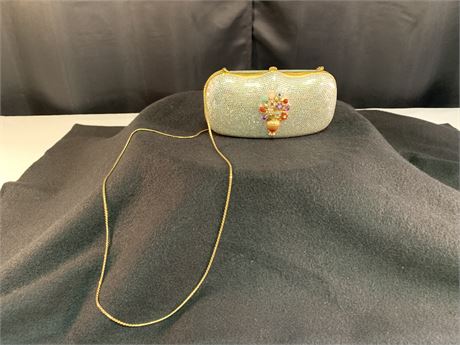 "JUDITH LEIBER" Minaudiere Bouquet  Swarovski Crystal Chain Bag Comb Tassel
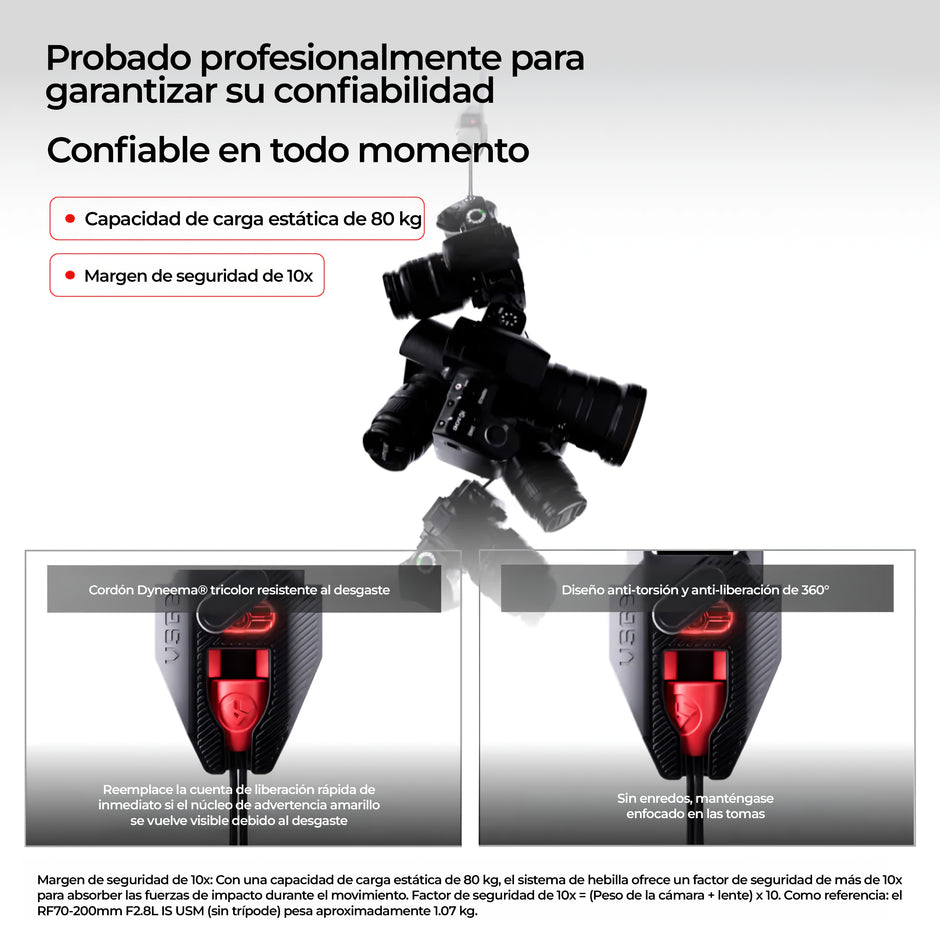 Correa para Cámara VSGO Black Snipe Pro con Anclaje Rápido | NEGRO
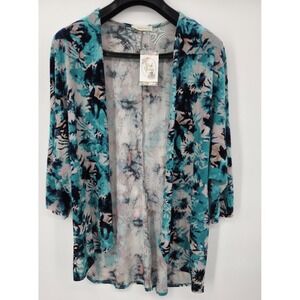 NEW Entro Floral Kimono Topper Open Front‎ Velvet Burnout Teal Womens Large NWT
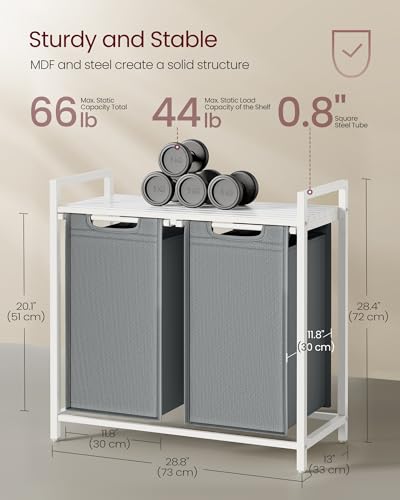 VASAGLE Laundry Hamper, Laundry Basket, Laundry Sorter with 2 Pull-Out and Removable Bags, Shelf, Metal Frame, 2 x 12.1 Gallons (46 L), 28.8 x 13 x 28.4 Inches, Slate Gray and Cloud White UBLH201W11 - color: Slate Gray + Cloud White, size: 2 Bags - 92 L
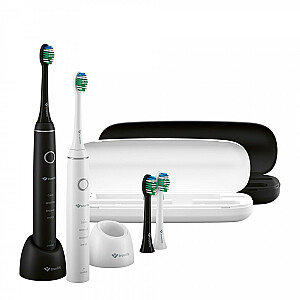 TrueLife SonicBrush Compact Duo svyruojantis dantų šepetėlis suaugusiems, juodas, baltas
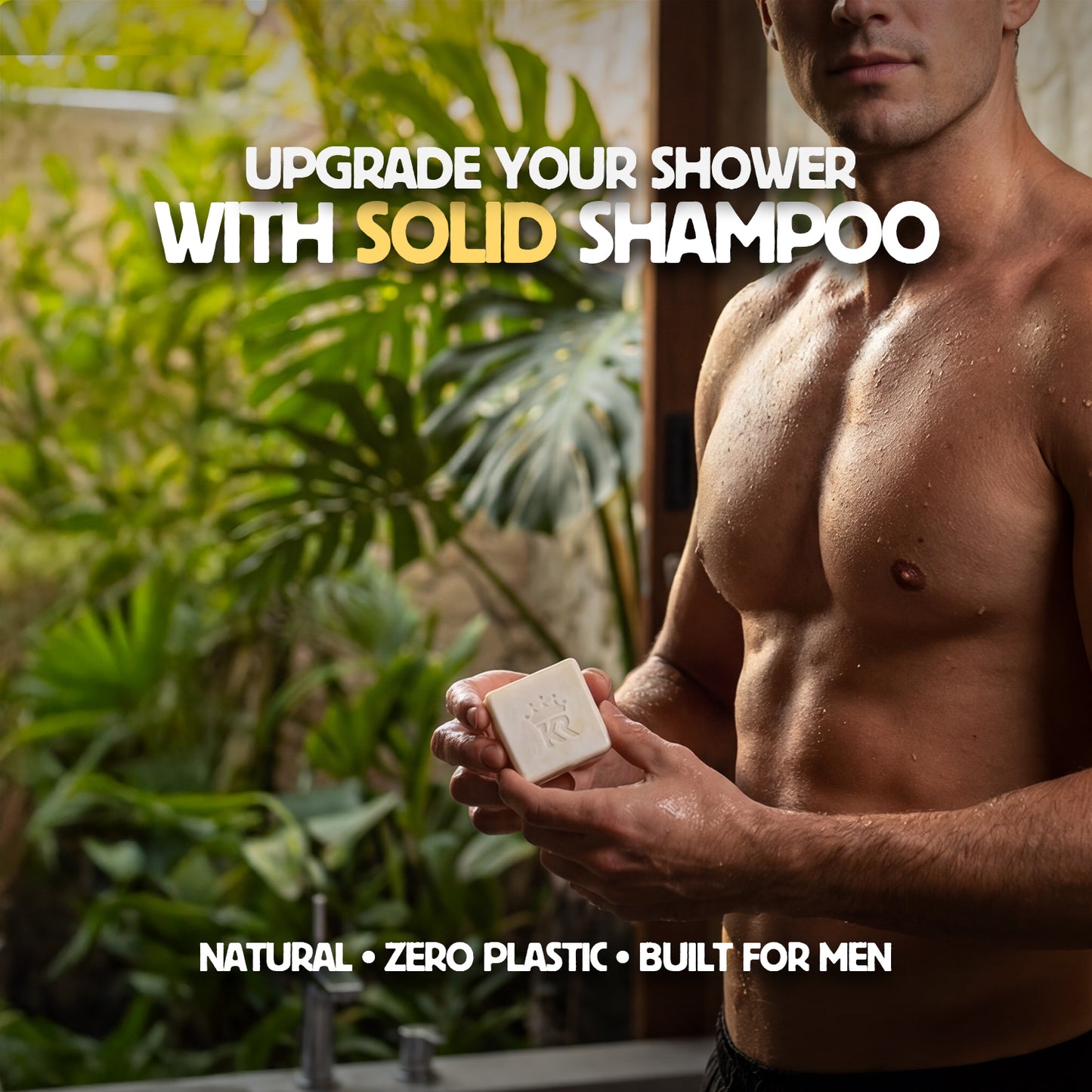 Man holding a bar of solid shampoo with text promoting natural, zero plastic, and men-specific products.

========================================

• About this exercise
Copy every record above exactly, leaving out any pictures.

• Written solution
 "JUDITH LEIBER" Minaudiere Bouquet  Swarovski Crystal Chain Bag Comb Tassel
 Correa para Cámara VSGO Black Snipe Pro con Anclaje Rápido | NEGRO
 NEW Entro Floral Kimono Topper Open Front‎ Velvet Burnout Teal Womens Large NWT
 VASAGLE Laundry Hamper, Laundry Basket, Laundry Sorter with 2 Pull-Out and Removable Bags, Shelf, Metal Frame, 2 x 12.1 Gallons (46 L), 28.8 x 13 x 28.4 Inches, Slate Gray and Cloud White UBLH201W11 - color: Slate Gray + Cloud White, size: 2 Bags - 92 L
 TrueLife SonicBrush Compact Duo svyruojantis dantų šepetėlis suaugusiems, juodas, baltas
 Man holding a bar of solid shampoo with text promoting natural, zero plastic, and men-specific products.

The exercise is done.